I really hate it when I'm right, sometimes. This is turning out to be ugly. I fucking KNEW, instantly when I saw it! "THIS IS FUCKED! THIS IS NOT GOOD," were my thoughts. This is TOO MUCH! It goes beyond overload!
SHe should know better! she shouldfuckingknowbetter.
this is alll sounding very cryptic, I know, but it is my son's birthday and my wife went completely fucking nuts with his cake. When I came from work and first saw it, all my peripheral vision went black and all incoming sound died as it tried to enter my ears. I could only blink in slow motion, with my mouth hanging open. My eyes making scratching sensations was the first sound that began to return. I was stunned and I still had not exhaled in too long, when I finally squeaked out a very small, "Oh, damn!"
My son loves dragons and she went totally overboard building a dragon cake sculpture. It took ages for my eyes to finally begin to tear loose from it in stages, as if Velcro was holding them stuck in the scaly texture of the icing. She made him a Frost Dragon, a very special and unique creature from the folk tales of people who live in the Arctic and one of my son's favorite "dragon friends."

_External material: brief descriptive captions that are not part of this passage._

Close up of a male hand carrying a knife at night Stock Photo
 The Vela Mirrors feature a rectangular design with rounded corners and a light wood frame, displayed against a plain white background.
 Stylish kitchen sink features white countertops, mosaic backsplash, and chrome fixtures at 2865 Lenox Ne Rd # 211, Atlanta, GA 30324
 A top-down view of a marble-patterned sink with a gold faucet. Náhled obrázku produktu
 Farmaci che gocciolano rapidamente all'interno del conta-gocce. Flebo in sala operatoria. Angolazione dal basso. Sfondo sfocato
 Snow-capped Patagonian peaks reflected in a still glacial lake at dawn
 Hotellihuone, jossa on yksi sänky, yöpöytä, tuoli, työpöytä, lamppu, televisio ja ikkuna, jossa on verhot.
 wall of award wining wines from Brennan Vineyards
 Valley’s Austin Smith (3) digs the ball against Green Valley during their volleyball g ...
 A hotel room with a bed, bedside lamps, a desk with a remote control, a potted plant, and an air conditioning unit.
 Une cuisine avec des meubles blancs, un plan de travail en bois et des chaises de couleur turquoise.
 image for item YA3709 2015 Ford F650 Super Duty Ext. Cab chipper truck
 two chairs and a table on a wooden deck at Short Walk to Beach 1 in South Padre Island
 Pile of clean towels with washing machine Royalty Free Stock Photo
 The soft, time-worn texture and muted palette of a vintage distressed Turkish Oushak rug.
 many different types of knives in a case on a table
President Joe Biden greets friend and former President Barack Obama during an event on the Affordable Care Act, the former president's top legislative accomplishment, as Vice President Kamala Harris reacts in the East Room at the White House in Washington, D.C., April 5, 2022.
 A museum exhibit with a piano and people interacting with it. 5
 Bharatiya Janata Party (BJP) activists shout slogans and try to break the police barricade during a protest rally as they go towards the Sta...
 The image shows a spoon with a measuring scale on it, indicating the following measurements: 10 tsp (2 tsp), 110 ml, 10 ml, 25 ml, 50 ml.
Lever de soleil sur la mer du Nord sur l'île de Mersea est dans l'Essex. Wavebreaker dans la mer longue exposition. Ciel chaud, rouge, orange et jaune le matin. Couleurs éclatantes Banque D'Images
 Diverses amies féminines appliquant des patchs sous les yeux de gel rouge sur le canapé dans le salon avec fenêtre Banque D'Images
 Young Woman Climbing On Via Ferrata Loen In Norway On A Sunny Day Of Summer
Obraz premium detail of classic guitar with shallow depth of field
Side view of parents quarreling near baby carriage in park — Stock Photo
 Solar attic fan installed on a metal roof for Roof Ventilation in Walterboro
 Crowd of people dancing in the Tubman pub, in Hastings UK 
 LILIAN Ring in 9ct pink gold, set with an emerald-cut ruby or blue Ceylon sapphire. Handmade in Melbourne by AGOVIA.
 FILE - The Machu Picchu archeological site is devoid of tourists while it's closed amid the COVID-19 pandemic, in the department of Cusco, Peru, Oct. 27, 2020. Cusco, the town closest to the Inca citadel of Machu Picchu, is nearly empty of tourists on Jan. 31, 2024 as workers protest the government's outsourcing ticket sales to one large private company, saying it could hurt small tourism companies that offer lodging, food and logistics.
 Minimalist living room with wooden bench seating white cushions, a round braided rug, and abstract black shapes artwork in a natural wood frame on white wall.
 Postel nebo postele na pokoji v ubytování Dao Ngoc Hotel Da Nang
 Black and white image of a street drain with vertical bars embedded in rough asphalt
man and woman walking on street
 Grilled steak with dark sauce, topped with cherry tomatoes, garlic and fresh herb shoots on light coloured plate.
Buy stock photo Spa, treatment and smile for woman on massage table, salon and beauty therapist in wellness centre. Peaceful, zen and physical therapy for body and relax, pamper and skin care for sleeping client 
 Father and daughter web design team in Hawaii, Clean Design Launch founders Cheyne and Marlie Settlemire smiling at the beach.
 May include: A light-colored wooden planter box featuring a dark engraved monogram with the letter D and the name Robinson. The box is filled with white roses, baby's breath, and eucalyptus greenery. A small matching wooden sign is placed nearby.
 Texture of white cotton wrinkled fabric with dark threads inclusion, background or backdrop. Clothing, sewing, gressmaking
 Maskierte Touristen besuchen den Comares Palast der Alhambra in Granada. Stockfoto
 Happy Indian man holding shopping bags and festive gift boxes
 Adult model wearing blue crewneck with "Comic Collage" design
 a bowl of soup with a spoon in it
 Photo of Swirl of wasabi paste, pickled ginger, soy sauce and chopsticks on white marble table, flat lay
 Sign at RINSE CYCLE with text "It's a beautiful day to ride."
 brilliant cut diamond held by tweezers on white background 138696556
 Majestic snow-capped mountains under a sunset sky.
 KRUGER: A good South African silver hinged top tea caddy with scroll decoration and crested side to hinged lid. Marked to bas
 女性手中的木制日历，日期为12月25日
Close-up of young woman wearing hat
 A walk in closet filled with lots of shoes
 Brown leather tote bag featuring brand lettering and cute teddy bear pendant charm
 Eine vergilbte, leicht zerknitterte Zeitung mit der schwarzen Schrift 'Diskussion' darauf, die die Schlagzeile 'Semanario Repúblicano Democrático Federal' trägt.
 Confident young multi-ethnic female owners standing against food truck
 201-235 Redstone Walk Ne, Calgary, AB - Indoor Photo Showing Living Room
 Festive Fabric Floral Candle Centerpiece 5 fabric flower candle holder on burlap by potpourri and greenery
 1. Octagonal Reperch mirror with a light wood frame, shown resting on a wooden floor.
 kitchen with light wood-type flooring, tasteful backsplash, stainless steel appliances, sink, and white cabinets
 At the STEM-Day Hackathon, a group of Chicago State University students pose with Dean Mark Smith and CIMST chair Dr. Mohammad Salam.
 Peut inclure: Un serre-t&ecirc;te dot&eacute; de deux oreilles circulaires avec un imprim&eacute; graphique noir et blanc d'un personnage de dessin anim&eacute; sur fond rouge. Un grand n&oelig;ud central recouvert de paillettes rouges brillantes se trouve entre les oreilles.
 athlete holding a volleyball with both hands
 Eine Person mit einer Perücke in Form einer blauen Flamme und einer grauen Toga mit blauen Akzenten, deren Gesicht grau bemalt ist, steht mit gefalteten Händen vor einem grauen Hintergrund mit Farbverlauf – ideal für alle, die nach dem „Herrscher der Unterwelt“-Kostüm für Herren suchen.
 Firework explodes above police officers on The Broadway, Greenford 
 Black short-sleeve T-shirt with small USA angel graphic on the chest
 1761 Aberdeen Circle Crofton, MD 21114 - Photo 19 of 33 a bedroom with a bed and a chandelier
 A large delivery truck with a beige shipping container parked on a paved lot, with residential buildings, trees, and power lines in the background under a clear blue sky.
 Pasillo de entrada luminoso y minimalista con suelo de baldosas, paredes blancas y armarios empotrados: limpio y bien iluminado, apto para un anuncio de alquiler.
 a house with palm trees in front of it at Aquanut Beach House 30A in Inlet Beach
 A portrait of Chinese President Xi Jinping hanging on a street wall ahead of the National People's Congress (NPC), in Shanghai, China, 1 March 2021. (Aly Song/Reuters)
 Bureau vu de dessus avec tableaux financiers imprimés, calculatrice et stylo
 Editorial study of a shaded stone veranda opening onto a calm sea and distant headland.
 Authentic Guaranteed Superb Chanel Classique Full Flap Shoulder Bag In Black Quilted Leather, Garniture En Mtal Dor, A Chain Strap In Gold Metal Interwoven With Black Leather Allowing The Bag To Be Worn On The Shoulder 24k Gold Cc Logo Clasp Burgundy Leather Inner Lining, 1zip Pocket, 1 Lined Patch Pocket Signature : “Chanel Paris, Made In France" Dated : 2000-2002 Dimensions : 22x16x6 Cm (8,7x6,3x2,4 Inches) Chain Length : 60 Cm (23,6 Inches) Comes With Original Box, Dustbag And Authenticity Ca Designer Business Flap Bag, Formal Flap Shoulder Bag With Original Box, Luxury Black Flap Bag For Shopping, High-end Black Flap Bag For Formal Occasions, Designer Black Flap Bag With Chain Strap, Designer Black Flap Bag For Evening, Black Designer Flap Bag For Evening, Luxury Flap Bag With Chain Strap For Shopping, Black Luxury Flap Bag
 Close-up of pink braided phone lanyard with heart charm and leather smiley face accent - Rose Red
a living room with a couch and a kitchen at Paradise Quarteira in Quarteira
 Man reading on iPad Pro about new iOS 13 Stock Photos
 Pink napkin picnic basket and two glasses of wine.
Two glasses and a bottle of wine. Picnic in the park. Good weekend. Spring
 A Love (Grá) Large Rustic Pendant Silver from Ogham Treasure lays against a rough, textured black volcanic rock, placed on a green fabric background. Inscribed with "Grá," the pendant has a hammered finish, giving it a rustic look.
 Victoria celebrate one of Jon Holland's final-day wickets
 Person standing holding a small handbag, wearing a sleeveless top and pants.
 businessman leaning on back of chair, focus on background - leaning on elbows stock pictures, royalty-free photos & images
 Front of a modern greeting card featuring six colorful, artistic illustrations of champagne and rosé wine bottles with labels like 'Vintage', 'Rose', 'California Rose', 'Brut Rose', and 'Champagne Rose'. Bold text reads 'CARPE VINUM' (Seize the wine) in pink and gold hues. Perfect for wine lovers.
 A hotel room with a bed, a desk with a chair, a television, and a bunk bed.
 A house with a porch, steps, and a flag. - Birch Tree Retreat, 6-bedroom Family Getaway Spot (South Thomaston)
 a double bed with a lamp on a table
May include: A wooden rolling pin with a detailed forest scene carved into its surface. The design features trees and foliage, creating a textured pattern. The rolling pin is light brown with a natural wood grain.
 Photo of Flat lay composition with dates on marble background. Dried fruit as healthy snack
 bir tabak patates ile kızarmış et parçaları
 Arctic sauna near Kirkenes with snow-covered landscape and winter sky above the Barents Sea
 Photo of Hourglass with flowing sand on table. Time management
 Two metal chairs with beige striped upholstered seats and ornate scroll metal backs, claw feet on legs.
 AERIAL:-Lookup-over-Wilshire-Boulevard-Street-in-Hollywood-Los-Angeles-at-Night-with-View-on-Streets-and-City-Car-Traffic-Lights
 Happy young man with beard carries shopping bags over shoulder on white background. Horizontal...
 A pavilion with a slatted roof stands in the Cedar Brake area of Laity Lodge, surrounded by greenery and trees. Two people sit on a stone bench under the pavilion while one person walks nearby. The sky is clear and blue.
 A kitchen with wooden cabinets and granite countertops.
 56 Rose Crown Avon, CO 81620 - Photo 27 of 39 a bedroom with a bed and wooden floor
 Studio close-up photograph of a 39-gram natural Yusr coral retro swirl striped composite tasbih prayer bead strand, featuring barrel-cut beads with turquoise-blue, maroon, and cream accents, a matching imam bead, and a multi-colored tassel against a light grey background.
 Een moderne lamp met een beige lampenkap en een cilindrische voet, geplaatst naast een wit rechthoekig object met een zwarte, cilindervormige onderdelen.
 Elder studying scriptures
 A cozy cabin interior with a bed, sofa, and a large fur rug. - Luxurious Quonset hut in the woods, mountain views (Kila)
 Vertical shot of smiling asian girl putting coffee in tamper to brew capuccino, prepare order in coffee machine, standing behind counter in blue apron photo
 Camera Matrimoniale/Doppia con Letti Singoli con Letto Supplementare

The cake was made in the shape of a dragon curled around itself, at rest. She took a white cake recipe to make the body and white icing for the scales and details. White chocolate was overcooked so she could pour it into hard sheets, then cut it into wings, with more details drawn in with darker chocolate. She made triangular fins that she placed down its back and as a frill around its head. Inside was strawberries, so it would bleed when slain. (this was the straw that broke the camel's back and him into tears.)
He had objected to touching it instantly. He would NOT slay it himself and did NOT want anyone else to, either. He was beginning to cry from some place deep inside and I was trying to console him when Mommy cut into it. We totally lost him when he saw the insides. Yes, he reads books about princes and kings and the slaying of evil dragons all the time, but frost dragons are his friends. I know I have had this conversation a number of times with my wife about which dragons are "angels" and which dragons are "devils." For some reason she missed the point and made a cake of a good dragon friend to be slain.
He wouldn't eat any of it. Last I talked to him, he wanted to be left alone so he could finish having a funeral in his mind for his friend.
Of course, this all sounds really fucking EMO and maybe he doesn't identify with people all that well, but he instantly personifies certain things. He is immediately and spontaneously attached from within to certain THINGS and they ARE real. GAWD, how clearly I remember being like this as a boy.
It was only after I began to recover myself, after first seeing it that I realized that it was a frost dragon and I warned her that this is not good. She dismissed me. I should have followed my instincts and looked in on what her plans were for his dragon cake, but I didn't. Instead, I let her go completely off the deep end and out of rope range without even trying to manage her desire to overdo it and over-achieve (overstimming all of us, usually, in the process).
Honestly, I can truly appreciate what she made. It was an absolutely gorgeous, brilliantly conceived, perfectly executed cake and it should have been entered into a contest, but it was devastating to my young son's overactive imagination. He will recover quickly, though. In fact he just came out of his room and told me that it was OK if I wanted some of his cake, but he wasn't going to have any.
Anyway that's the short version of what I've been thinking for the last hour.
Why don't I follow my instincts, better.